Flood insurance premiums can go up after April 1

A bulletin released by the National Flood Insurance Program (NFIP) outlines changes in flood insurance rates after April 1, 2015, that are allowable under a law passed last year – the Homeowner Flood Insurance Affordability Act (HFIAA) that changed some details of the Biggert-Waters Act.

Both HFIAA and Biggert-Waters are complex documents, and it’s important to note that it’s difficult to know from general information how much a specific homeowner’s flood insurance policy could change.

For more information on categories of homeowners and how they might be affected, download the complete NFIP bulletin posted online.

Key changes

An individual’s rate premium cannot increase more than 18 percent; an “average rate class” of homeowners cannot have their premiums increase more than 15 percent.
Certain subsidized policyholders (those not currently paying the full actuarial rate) have mandatory rate increases.
Policies will have a new annual surcharge required under HFIAA.
New guidance will impact “substantially damaged and substantially improved structures,” and there is additional rating guidance on Pre-Flood Insurance Rate Map (FIRM) structures.
There will be a new procedure for Properties Newly Mapped into the Special Flood Hazard Area and existing Preferred Risk Policy Eligibility Extension (PRP EE) policies.

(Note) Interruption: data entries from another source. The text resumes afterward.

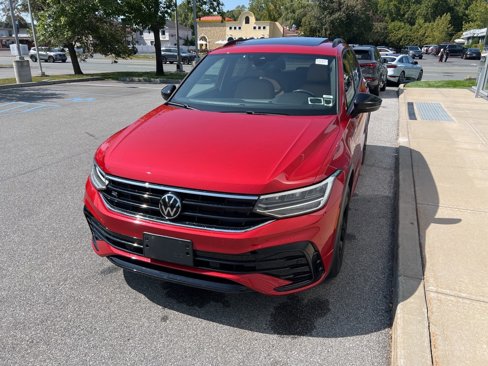 Used 2024 Volkswagen Tiguan SE R-Line image 46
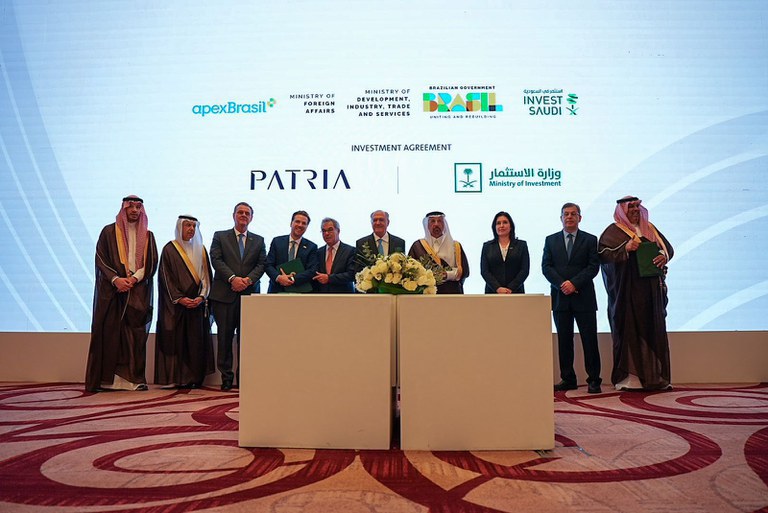 O vice-presidente Geraldo Alckmin ao lado de ministros e de representantes do governo da Arábia Saudita: parcerias ampliadas. Foto: Divulgação. Fonte: Gov.br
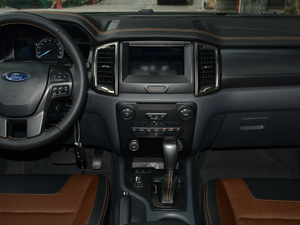 2018Wildtrak п_(ti)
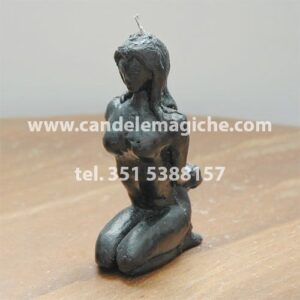 candela raffigurante la statuetta di una donna nera in ginocchio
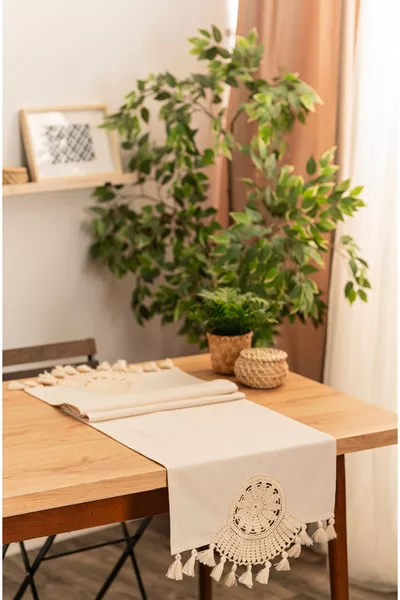 настолен бегач с дантела и пискюли във формата на ветрило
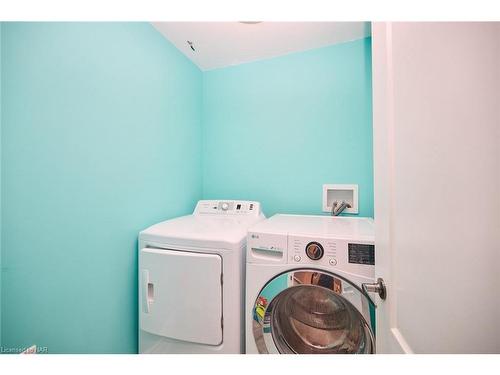 7721 Sassafras Trail, Niagara Falls, ON - Indoor Photo Showing Laundry Room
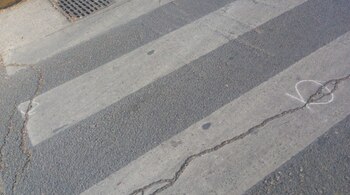 Los peritos hallaron cinco vainas servidas calibre .380 en el cruce de bulevar Oroño y Brown (Gentileza)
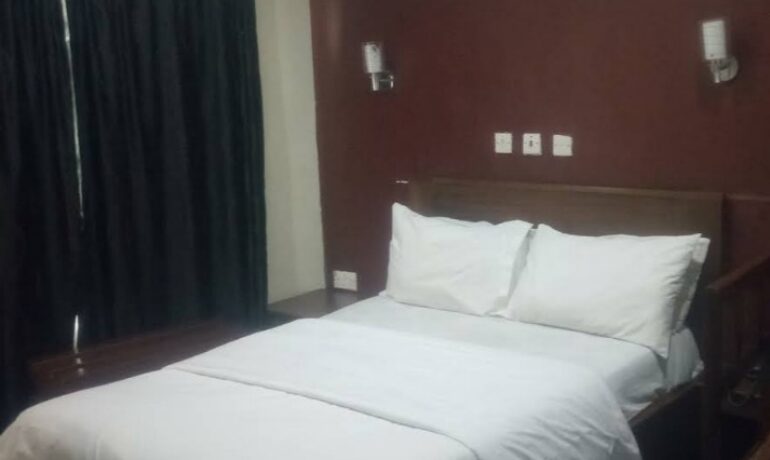 Crowne Boutique Hotel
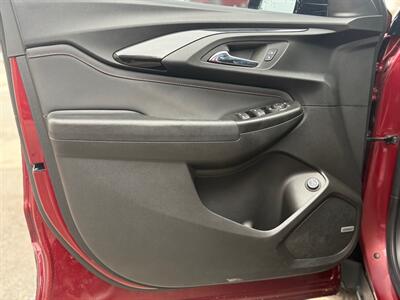 2022 Chevrolet Trailblazer RS   - Photo 11 - Oshawa, ON L1H 3M2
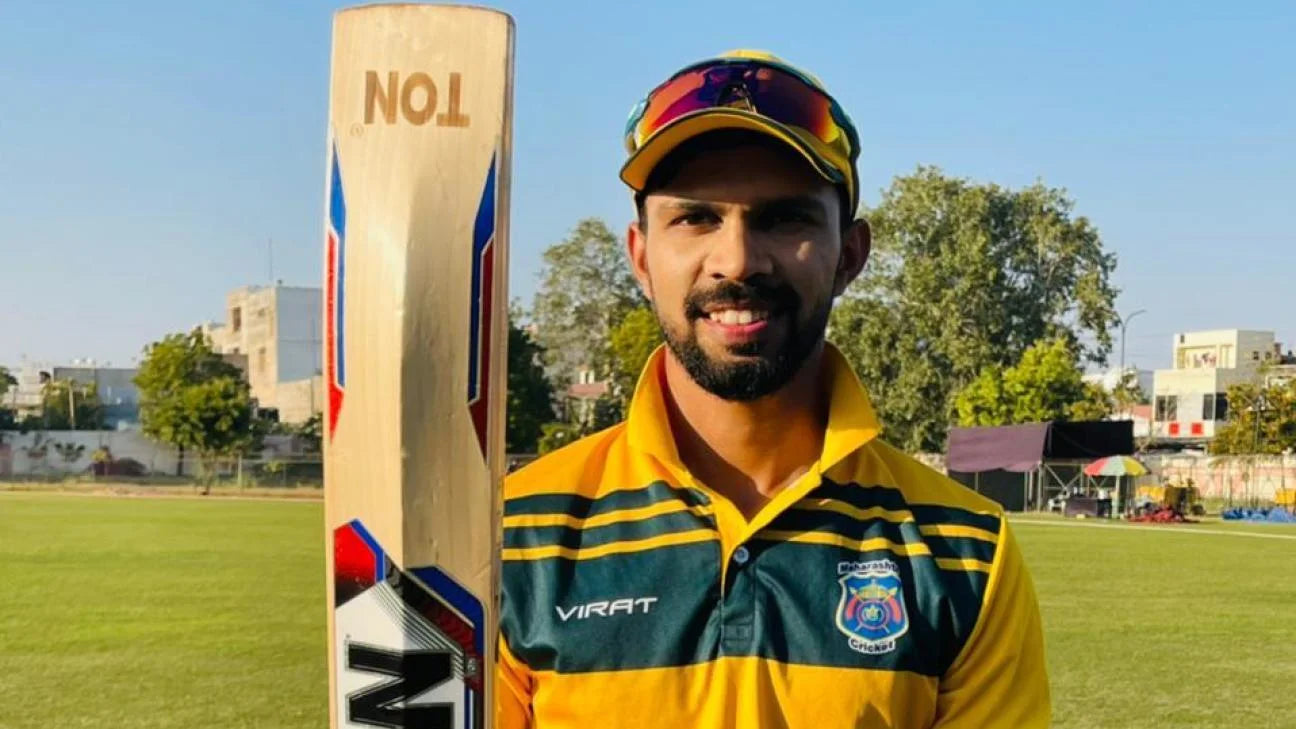 Ruturaj Gaikwad creates history in Vijay Hazare Trophy; smashes 7 sixes in one over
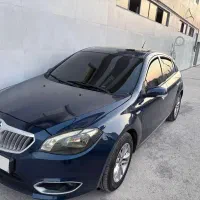 برلیانس	320 اتومات، رنگ سرمه‌ای تیره ، تحویل فوری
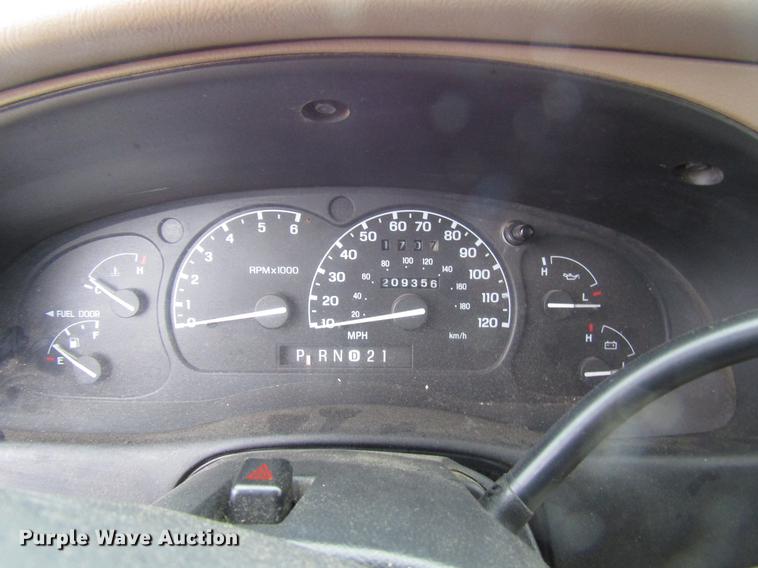 image for item DD3815 1998 Ford Explorer SUV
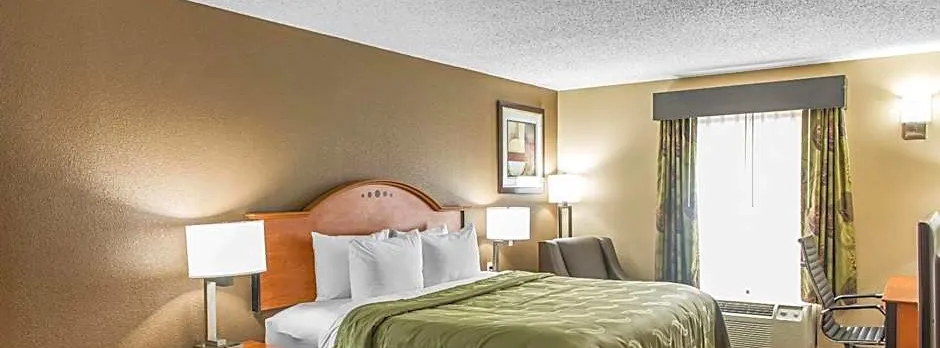 Quality Inn & Suites Columbus West - Hilliard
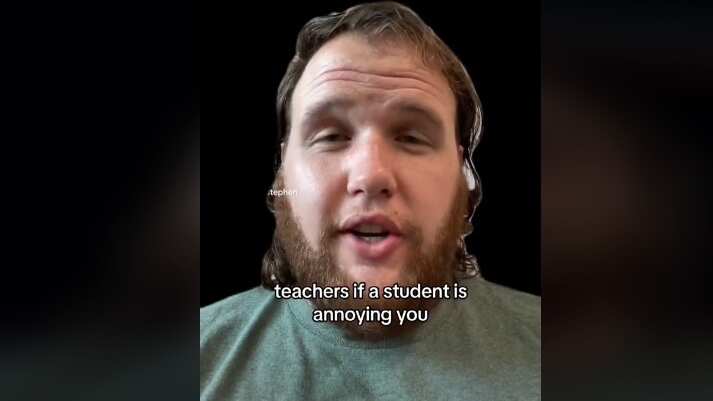 El profesor alegó que nunca faltó a su labor por su comicidad de TikTok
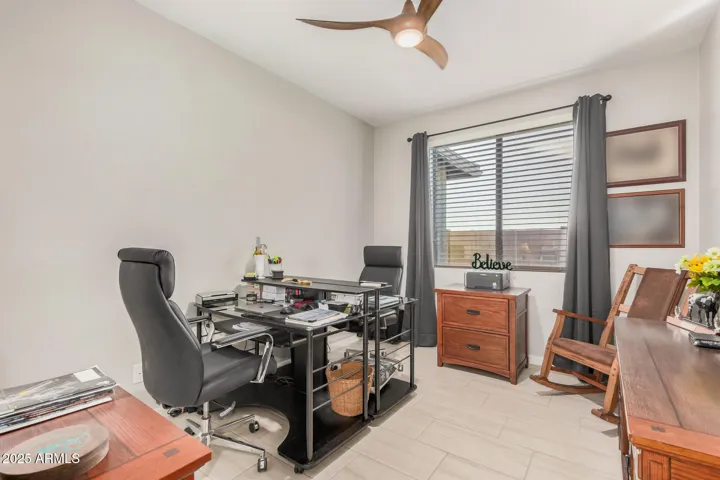 Flexible Den ideal for Office or Study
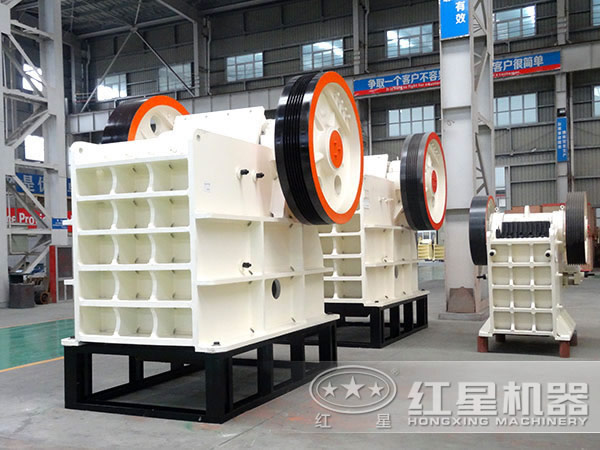 紅星機(jī)器煤矸石顎式破碎機(jī)生產(chǎn)廠區(qū)實(shí)拍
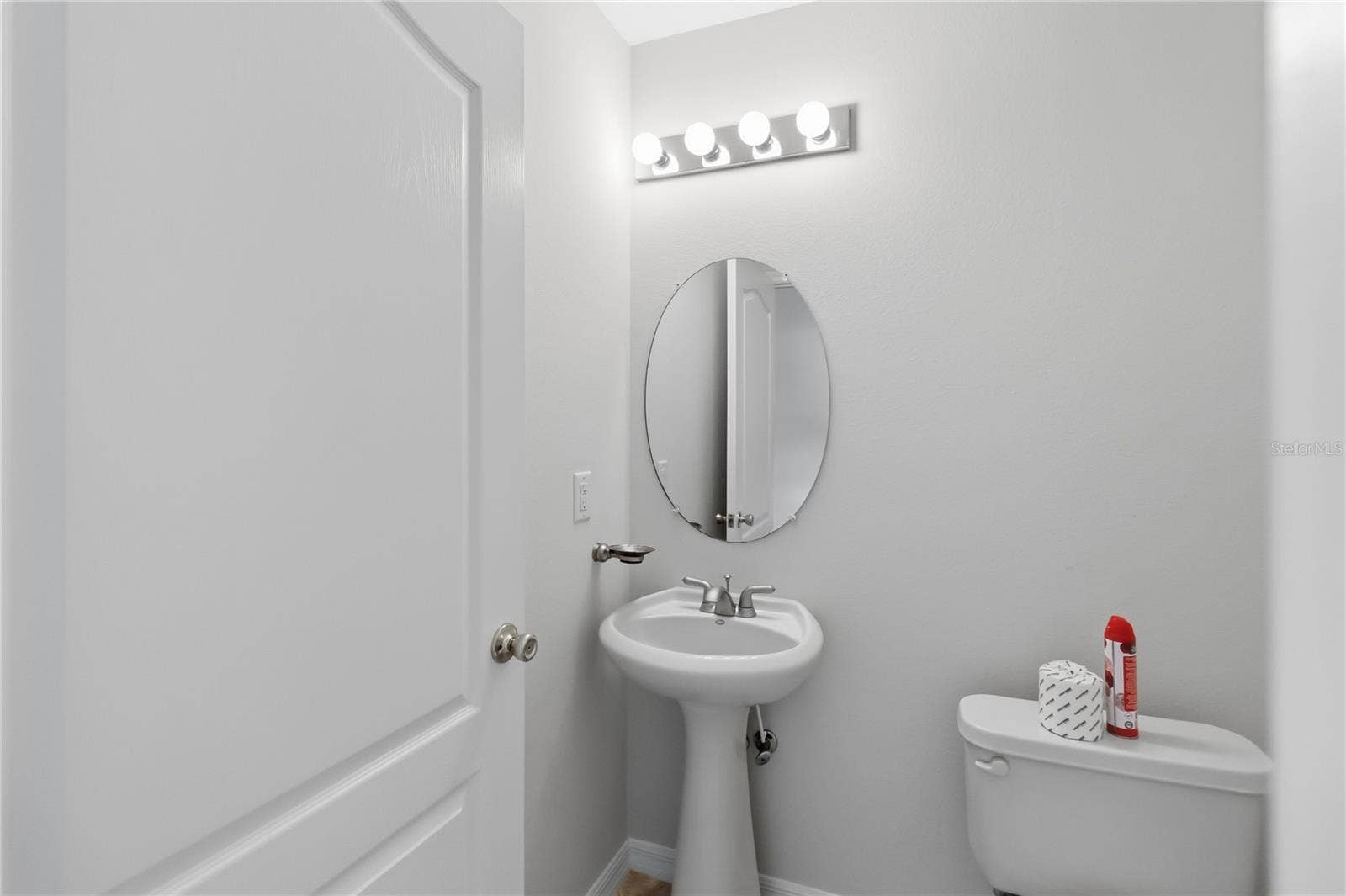 1845 OAK GROVE CHASE DRIVE, Orlando, FL 32820 1845 OAK GROVE CHASE DRIVE, Orlando, FL 32820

The changes take effect April 1 for both new business and renewals.

According to the bulletin, the 18 percent cap on flood insurance increases has a few exceptions that include, but are not limited to, misratings and increases in the amount of insurance coverage.

Another exception: Premiums on subsidized policies will increase 25 percent for policies on non-primary residences, Severe Repetitive Loss properties, and substantially-damaged/substantially-improved properties.

A 25 percent premium increase on business properties will be implemented in 2016.

New surcharge

HFIAA also introduces a new mandatory surcharge on all new and renewed policies – $25 for primary residences and $250 for all other policies.

The surcharge and a Federal Policy Fee (FPF) aren’t considered premiums, so they’re not considered in the maximum 18 percent increase for any specific homeowners. As a result, the total amount charged a policyholder could exceed 18 percent in some cases.

Premiums – including the Reserve Fund Assessment but excluding the FPF and the new HFIAA- mandated surcharge – will increase an average of 9.9 percent for policies written or renewed on or after April 1, 2015.

When the FPF and the new HFIAA-mandated surcharge are included, the total amount charged to a policyholder could increase a maximum of 19.8 percent.